* _Your task_
Write each line out a second time, exactly as shown below.

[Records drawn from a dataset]

____

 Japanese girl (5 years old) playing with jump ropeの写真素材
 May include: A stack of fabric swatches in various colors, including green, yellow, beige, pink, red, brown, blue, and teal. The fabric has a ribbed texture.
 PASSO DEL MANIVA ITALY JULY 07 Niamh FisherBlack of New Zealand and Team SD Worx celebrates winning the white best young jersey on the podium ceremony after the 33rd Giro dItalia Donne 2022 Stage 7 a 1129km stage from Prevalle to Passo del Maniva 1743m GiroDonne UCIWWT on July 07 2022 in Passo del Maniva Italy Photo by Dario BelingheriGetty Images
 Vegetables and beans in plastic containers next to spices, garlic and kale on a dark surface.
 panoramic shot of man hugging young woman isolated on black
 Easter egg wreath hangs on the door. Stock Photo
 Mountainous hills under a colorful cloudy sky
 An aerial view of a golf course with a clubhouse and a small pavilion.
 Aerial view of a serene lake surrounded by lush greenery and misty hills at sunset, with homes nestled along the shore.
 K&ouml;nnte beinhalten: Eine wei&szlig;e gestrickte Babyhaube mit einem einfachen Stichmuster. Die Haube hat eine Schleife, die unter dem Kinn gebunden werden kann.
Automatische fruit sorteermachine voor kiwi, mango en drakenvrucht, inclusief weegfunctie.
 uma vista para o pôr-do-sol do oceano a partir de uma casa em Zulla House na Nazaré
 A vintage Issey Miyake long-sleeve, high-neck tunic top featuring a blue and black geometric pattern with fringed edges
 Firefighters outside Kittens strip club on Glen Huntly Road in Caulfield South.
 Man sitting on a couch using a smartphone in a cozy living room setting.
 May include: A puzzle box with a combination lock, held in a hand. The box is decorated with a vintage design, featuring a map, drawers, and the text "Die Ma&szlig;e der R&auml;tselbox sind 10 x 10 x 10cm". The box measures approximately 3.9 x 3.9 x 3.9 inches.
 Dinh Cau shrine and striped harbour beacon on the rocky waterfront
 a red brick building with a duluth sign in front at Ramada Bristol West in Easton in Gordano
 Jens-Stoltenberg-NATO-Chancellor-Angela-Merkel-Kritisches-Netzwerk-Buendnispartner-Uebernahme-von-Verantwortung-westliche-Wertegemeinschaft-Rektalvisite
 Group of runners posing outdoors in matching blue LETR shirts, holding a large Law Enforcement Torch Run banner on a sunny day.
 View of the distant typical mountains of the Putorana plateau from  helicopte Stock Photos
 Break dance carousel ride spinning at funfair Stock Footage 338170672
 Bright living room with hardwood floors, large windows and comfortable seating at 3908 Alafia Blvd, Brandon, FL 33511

____

* _Final answer_
 Japanese girl (5 years old) playing with jump ropeの写真素材
 May include: A stack of fabric swatches in various colors, including green, yellow, beige, pink, red, brown, blue, and teal. The fabric has a ribbed texture.
 PASSO DEL MANIVA ITALY JULY 07 Niamh FisherBlack of New Zealand and Team SD Worx celebrates winning the white best young jersey on the podium ceremony after the 33rd Giro dItalia Donne 2022 Stage 7 a 1129km stage from Prevalle to Passo del Maniva 1743m GiroDonne UCIWWT on July 07 2022 in Passo del Maniva Italy Photo by Dario BelingheriGetty Images
 Vegetables and beans in plastic containers next to spices, garlic and kale on a dark surface.
 panoramic shot of man hugging young woman isolated on black
 Easter egg wreath hangs on the door. Stock Photo
 Mountainous hills under a colorful cloudy sky
 An aerial view of a golf course with a clubhouse and a small pavilion.
 Aerial view of a serene lake surrounded by lush greenery and misty hills at sunset, with homes nestled along the shore.
 K&ouml;nnte beinhalten: Eine wei&szlig;e gestrickte Babyhaube mit einem einfachen Stichmuster. Die Haube hat eine Schleife, die unter dem Kinn gebunden werden kann.
Automatische fruit sorteermachine voor kiwi, mango en drakenvrucht, inclusief weegfunctie.
 uma vista para o pôr-do-sol do oceano a partir de uma casa em Zulla House na Nazaré
 A vintage Issey Miyake long-sleeve, high-neck tunic top featuring a blue and black geometric pattern with fringed edges
 Firefighters outside Kittens strip club on Glen Huntly Road in Caulfield South.
 Man sitting on a couch using a smartphone in a cozy living room setting.
 May include: A puzzle box with a combination lock, held in a hand. The box is decorated with a vintage design, featuring a map, drawers, and the text "Die Ma&szlig;e der R&auml;tselbox sind 10 x 10 x 10cm". The box measures approximately 3.9 x 3.9 x 3.9 inches.
 Dinh Cau shrine and striped harbour beacon on the rocky waterfront
 a red brick building with a duluth sign in front at Ramada Bristol West in Easton in Gordano
 Jens-Stoltenberg-NATO-Chancellor-Angela-Merkel-Kritisches-Netzwerk-Buendnispartner-Uebernahme-von-Verantwortung-westliche-Wertegemeinschaft-Rektalvisite
 Group of runners posing outdoors in matching blue LETR shirts, holding a large Law Enforcement Torch Run banner on a sunny day.
 View of the distant typical mountains of the Putorana plateau from  helicopte Stock Photos
 Break dance carousel ride spinning at funfair Stock Footage 338170672
 Bright living room with hardwood floors, large windows and comfortable seating at 3908 Alafia Blvd, Brandon, FL 33511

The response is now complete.